We're building integrated hardware-software solutions for the next decade of genomic analysis. Our tools are designed to work anywhere—from the cloud to the field—and scale from single samples to population-level studies.
Most genomics tools are software-only and rely on generic compute. We're taking a different approach: purpose-built hardware paired with optimized software for genome and pangenome analysis. The result is faster processing, lower costs, and deployments that actually make sense for your workflow. Whether you need a cloud instance or a standalone box, we're building solutions that fit how you work.
Speed matters. Our tools are built for accelerated computing from the ground up. We're obsessed with making things fast—not just on benchmarks, but in real production environments where time is money.
Not everyone has access to big cloud infrastructure. Field research, remote clinics, and resource-limited settings need genomic analysis too. Our edge solutions are small, efficient, and capable of real analysis, not just data collection. Your whole workflow should be able to run on one box, anywhere.
Cloud computing is supposed to save time and money. Too often it does neither. We optimize for both: faster processing means less compute time, which means lower bills. Our tools integrate with AWS, GCP, Azure, and OCI. Deploy once, scale to thousands of samples. We aim to remove any surprises in your cloud invoices.

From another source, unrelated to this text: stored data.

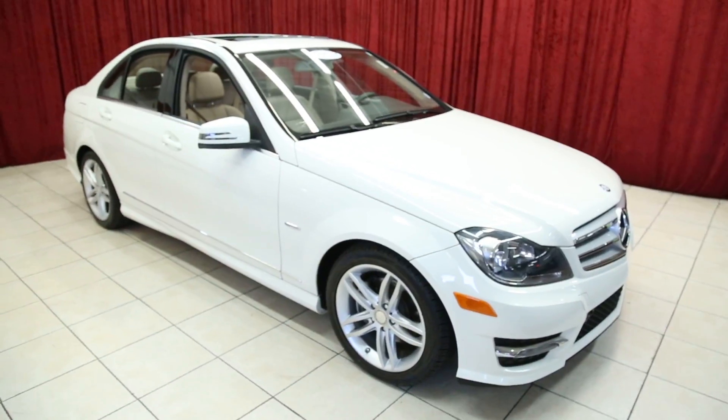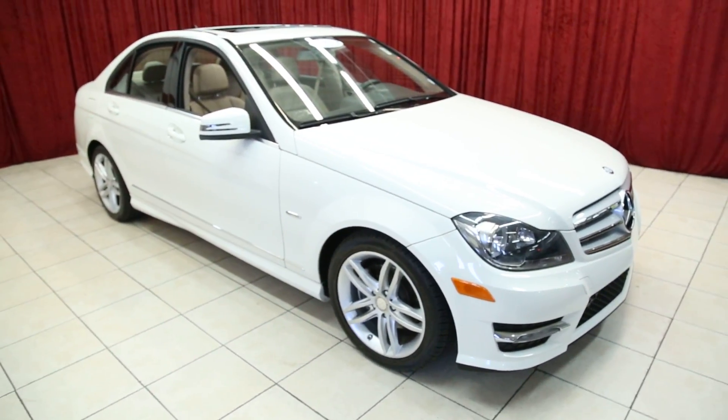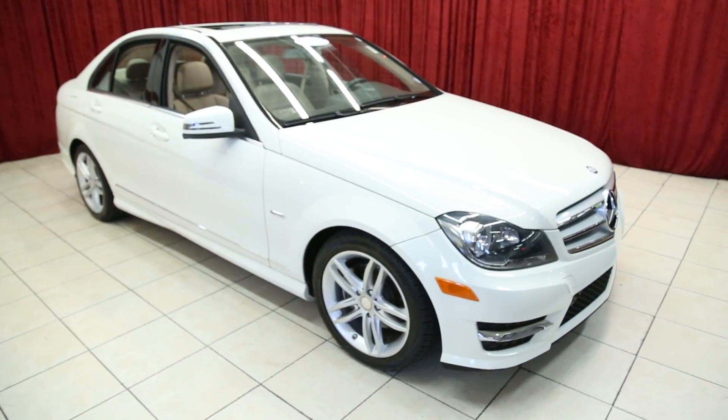Thank you for viewing our Mercedes C250. For more information on this vehicle and others like it, please visit our website at spanosmotors.com.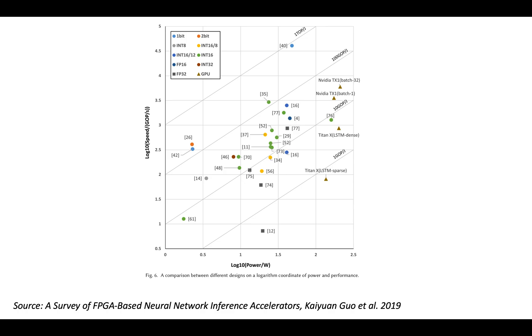Those papers give a nice reference point for the kinds of throughputs, latencies, and power efficiency you can expect from FPGAs on DNNs. Hopefully that was helpful, and I'll see you in the next video.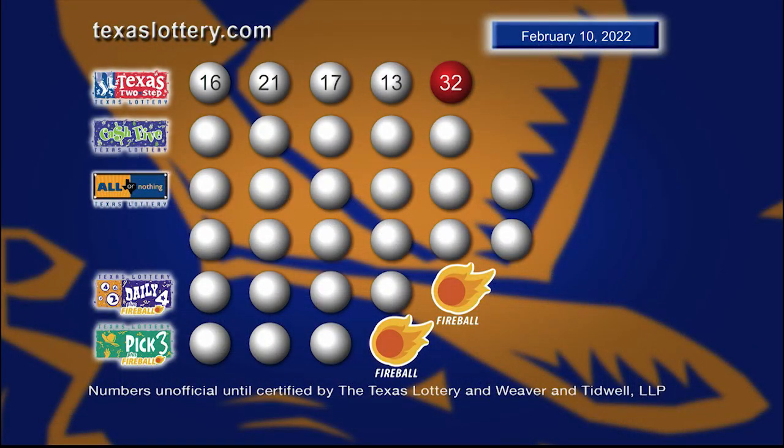And those winning Texas Two-Step numbers are 16, 21, 17, 13 with tonight's bonus ball 32.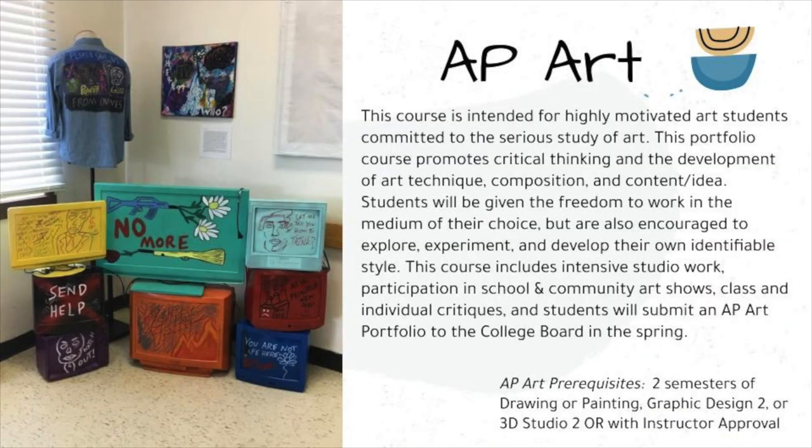AP Art is a course intended for a highly motivated art student committed to the serious study of art. This portfolio course promotes critical thinking and the development of art technique, composition, content, and idea. Students will be given the freedom to work in the medium of their choice, while also encouraged to explore, experiment, and develop their own identifiable style. This course includes intensive studio work, participation in school and community art shows, class and individual critiques, and students will submit an AP Art portfolio to the College Board in the spring.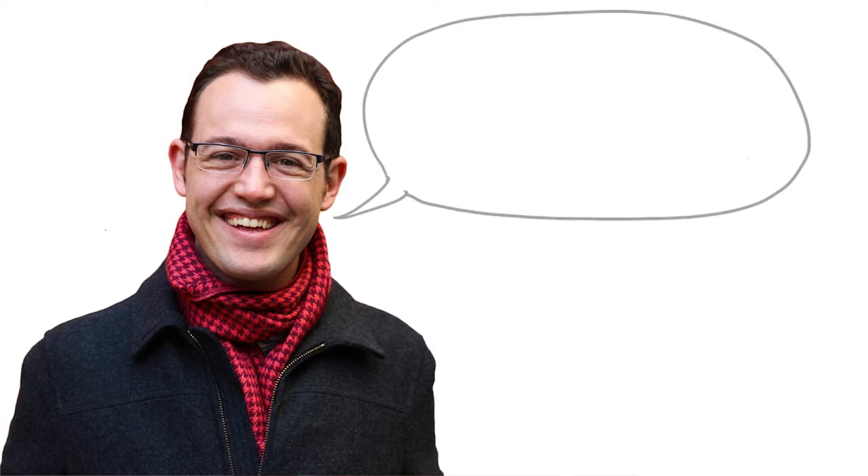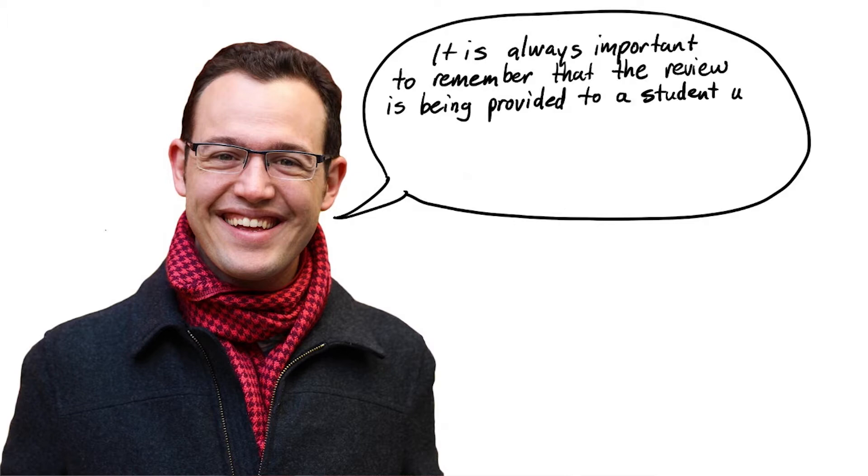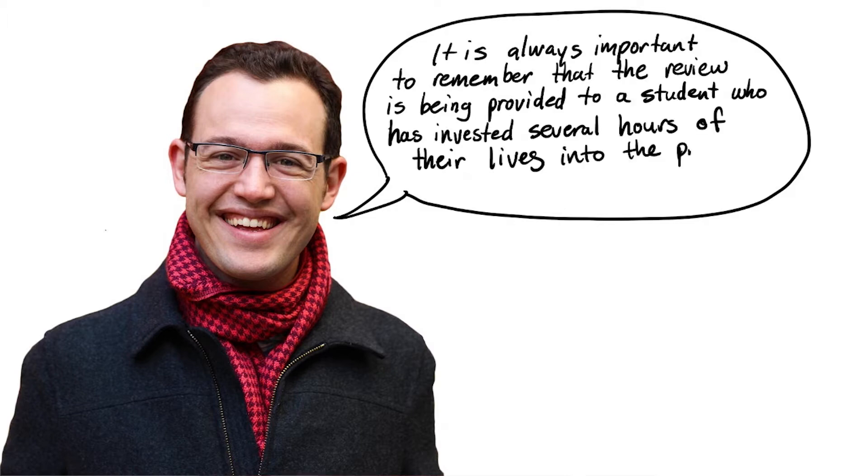While preparing for this course, I interviewed Jacques, who, as you've seen previously, is an engineer at Udacity. He said to me that it is always important to remember that the review is being provided to a student who has invested several hours of their life into the project. That is a sentiment we always want to remember while writing reviews.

Our software scales. One sample or ten thousand samples—same tools, same workflow. We've designed everything to handle population-scale studies without requiring you to rewrite your pipeline or learn new frameworks.
Illumina, PacBio, Oxford Nanopore—we support them all. Short reads, long reads, whatever you're generating. Our tools work across sequencing technologies because genomics isn't a one-platform world. P.S.: If you're a sequencing device company and we don't yet support your platform, get in touch so we can fix that.
Linear reference genomes are useful but limited. Pangenomes capture the full diversity of human genetic variation and improve analysis accuracy, especially for recurrent variation. We're building tools that treat pangenomes as first-class citizens, not afterthoughts. Better references mean better variant calling, better disease detection, and better outcomes. Historically, pangenome analysis has been slower than approaches using a linear reference. We aim to make tools that shatter that expectation.
We're building tools for how genomics will actually be used over the next decade: diverse deployment scenarios, massive scale, multiple data types, and pangenome-based analysis. If you need genomic analysis that's fast, accurate, and works in the real world, we're building it.